Stupid question on Unicode

johnh · August 18, 2019, 7:43am

Julia 1.3.0 supports Unicode version 12.1.0I can see how to use characters such as h-bar
println("\u0127")

I have the rather odd notion to print some Cuneiform characters - I am interested in Babylonian history and went to see the excellent Hisoory of Writing exhibition at the British Library.
In Cuneiform a quantity is indicated by poking a round hole in the clay - I think this may be the origin of the 0 character.

Cuneiform starts at character code 12000 yet when I print
println("\u12003")

This produces the HA character followed by 3. I imagine the secret here is changing the font, which I do not know how to do. I have installed a cuneiform font package - I use Fedora Linux.
Please tell me if I am barking mad, as usual.
And no I am not programming in Cuneiform. I leave fancy programming such as Roman numerals, Swedish Chef and white space encoding to our Perl colleagues.

Tamas_Papp · August 18, 2019, 9:22am

It would help to know where you are printing these things (terminal, or which IDE, or some other output).

I have been tempted to use Old Hungarian runes when I run out of Greek letters, but so far managed to resist.

johnh · August 18, 2019, 10:47am

My bad. Ths is on Fedore Linux using a Gnome terminal and a REPL

Tamas_Papp · August 18, 2019, 11:01am

https://help.gnome.org/users/gnome-terminal/stable/app-fonts.html.en

or gnome-tweak-tools should work.

BLI · August 18, 2019, 11:30am

I browsed a volume on the field equations of physics in an encyclopedia during my PhD study – I’ll dig up the author (I looked into irreversible thermodynamics)… the volume had some 700+ pages, and the author used a large number of alphabets to cover his notation

cormullion · August 18, 2019, 4:57pm

(I hope you’ve seen Irvin Finkel’s great presentation on YouTube… (https://youtu.be/PfYYraMgiBA))

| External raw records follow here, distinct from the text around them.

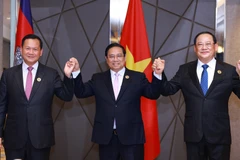 Le Premier ministre Pham Minh Chinh (centre) et ses homologues du Laos et du Cambodge. Photo: VNA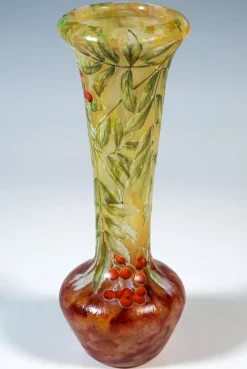 Outlet Pamono Art Nouveau Sorbier des Oiseaux Cameo Vase from Daum Nancy, France, 1900-1905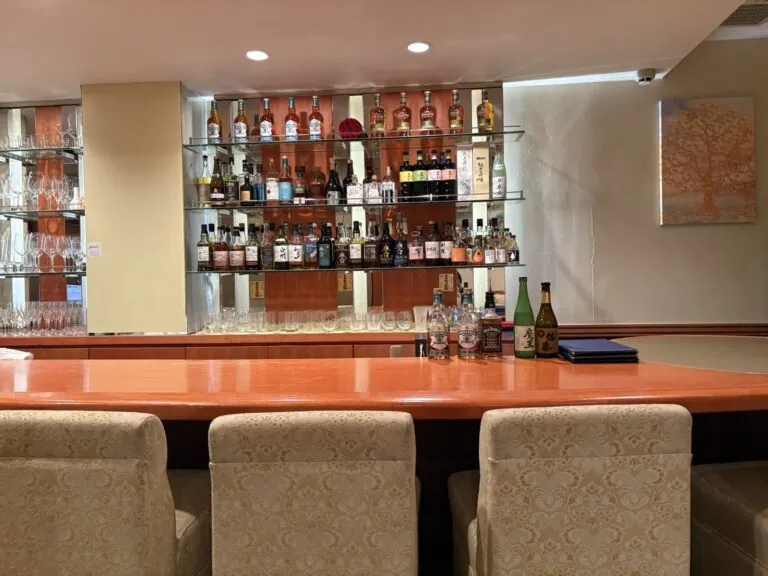 聖 （セイ）の店内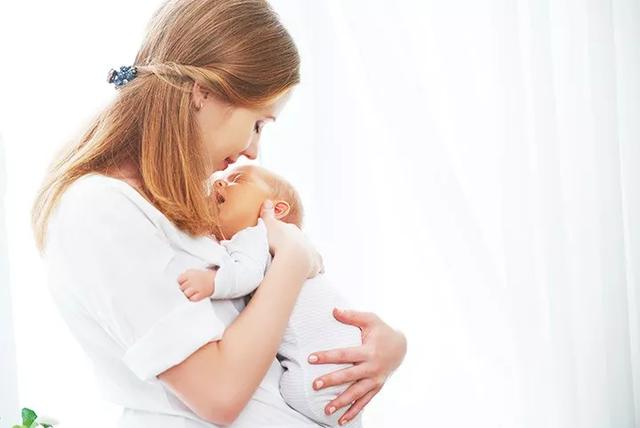 幸福的小调|第一次给宝宝喂奶，初乳看上去“脏脏的”，究竟能喝吗？
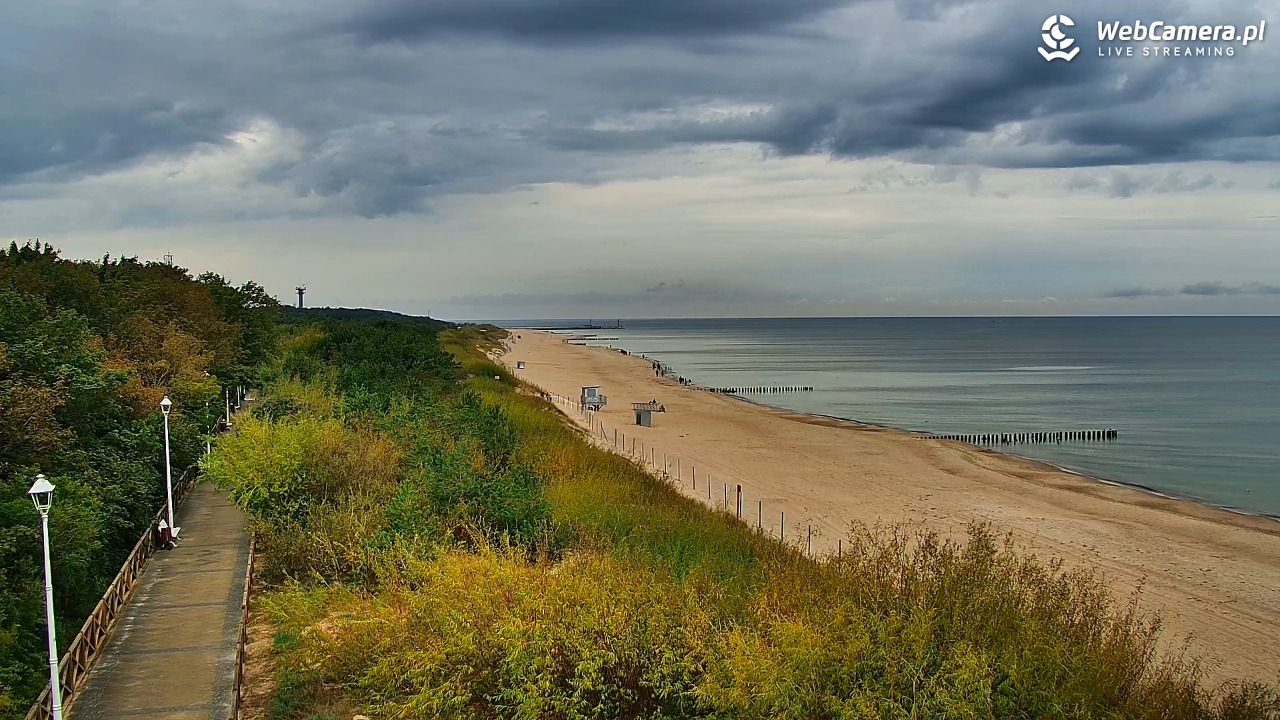 DZIWNÓW  - widok na plażę - 14 wresień 2025, 11:13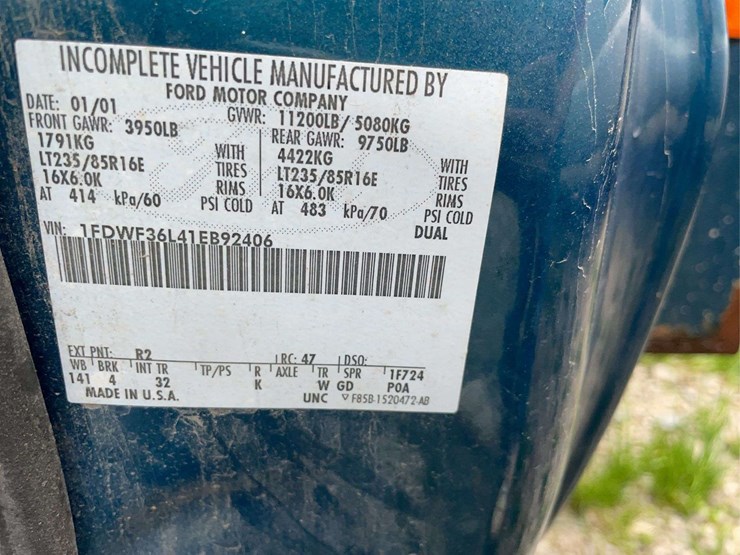 2001-ford-f350-image-13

I downloaded Noto Sans Cuneiform font, which may be one of a very few fonts that offer these glyphs. Then:

using Luxor
@png begin
    tablet = Tiler(500, 500, 15, 15)
    fontface("NotoSansCuneiform-Regular")
    fontsize(15)
    for (pos, n) in tablet
        text(string(Char(0x12000 + n)), pos)
    end

end 500 500 "/tmp/iCuneiform"

oldskool

ffevotte · August 18, 2019, 7:30pm

In addition to the font issues, if your unicode is more than 4 digits long, you should use the \U escape sequence (note the upper case “U”)

https://pkg.julialang.org/docs/julia/THl1k/1.1.1/manual/strings.html#man-characters-1

johnh · August 19, 2019, 6:22am

Thankyou all. The presentation on Cuneiform is a textbook example of how to deliver a good presentation. Be animated and excited by your subject. Be an expert of course, but do not use jargon to confuse. Take the audience on a journey.

The problem is solved by @ffevotte pointing otu that \U should be used. Thankyou!

Solomon.Rutzky · August 19, 2019, 6:29am

Hi John. It appears that Julia handles \u like most other languages and only handles 4 hex digits (i.e. BMP characters; the first 65,536 code points). You can see this in the output that you received. You said:

when I print
println("\u12003")
This produces the HA character followed by 3

Well, U+1200 is the “Ethiopic Syllable Ha” (i.e. \u1200), and the “3” in your output is the “3” in \u12003.

However, you are dealing with supplementary characters (i.e. everything from U+10000 to U+10FFFF). You will likely need to use the \U escape sequence. When using this escape sequence, you should pass in all 8 characrs. For example, \U00012003 should be what you are looking for. Unfortunately, I have no way to test .

Please also see:
Unicode Escape Sequences Across Various Languages and Platforms (including Supplementary Characters)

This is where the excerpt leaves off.